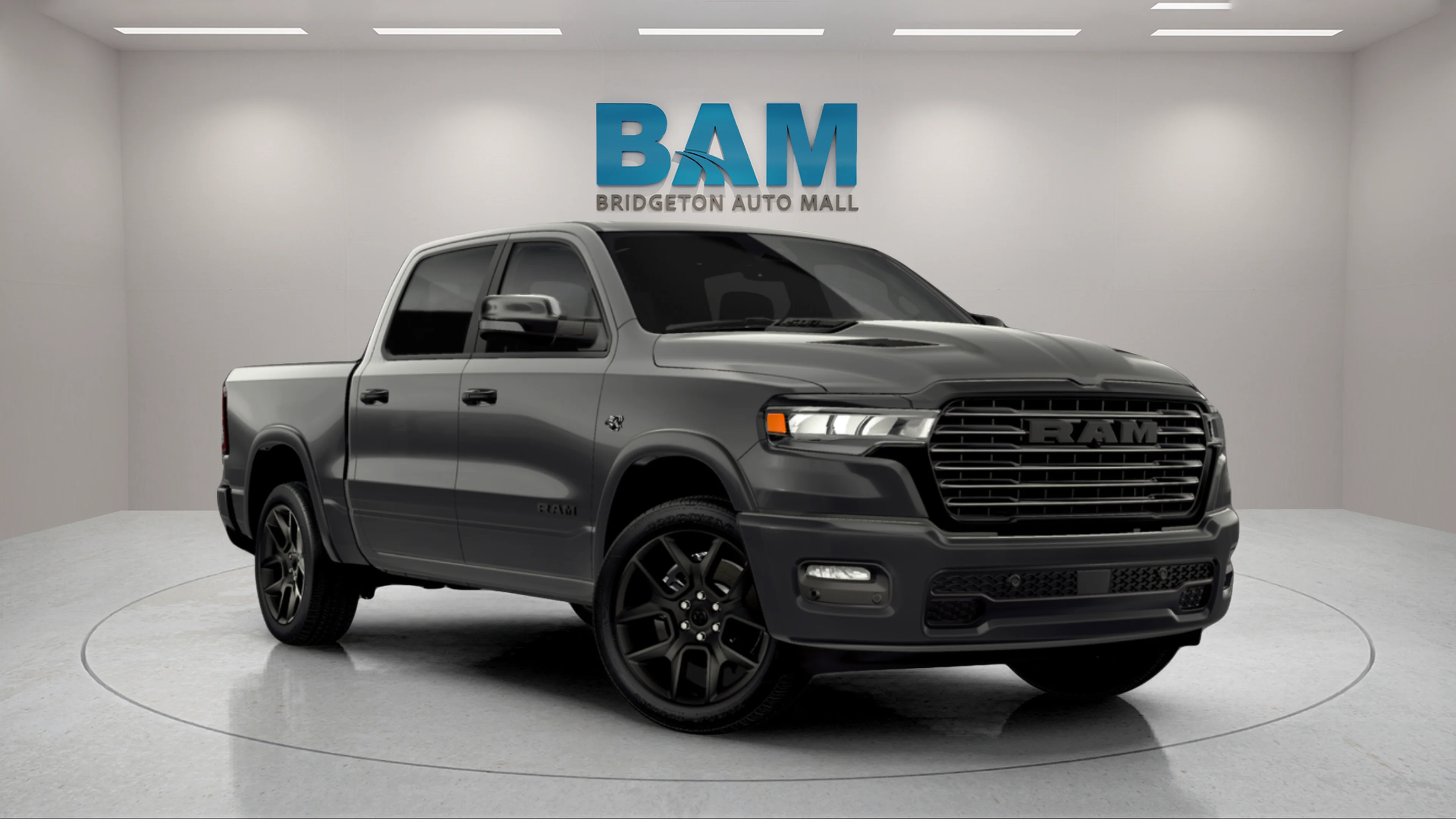 New 2026 Granite Crystal Metallic Clear-Coat Exterior Paint RAM Laramie image 1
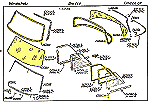 Detailed description of the complete assortment by marking the main wear parts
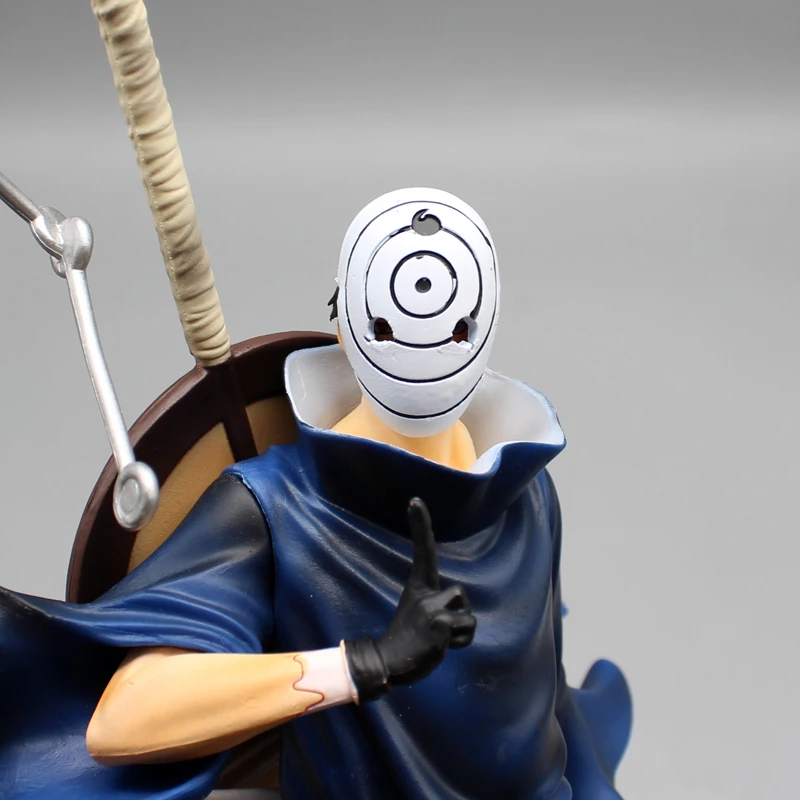 Takara TOMY uchiha obito 14 "อนิเมชั่นตุ๊กตาเปลี่ยนหน้าโมเดลอนิเมะชุดตกแต่งโรงรถ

+--

_REQUIRED ACTION_
Once the pictures are removed, print all the remaining data exactly as it stands.

_TASK ANSWER_
 New 2026 Granite Crystal Metallic Clear-Coat Exterior Paint RAM Laramie image 1
 Detailed description of the complete assortment by marking the main wear parts
 Takara TOMY uchiha obito 14 "อนิเมชั่นตุ๊กตาเปลี่ยนหน้าโมเดลอนิเมะชุดตกแต่งโรงรถ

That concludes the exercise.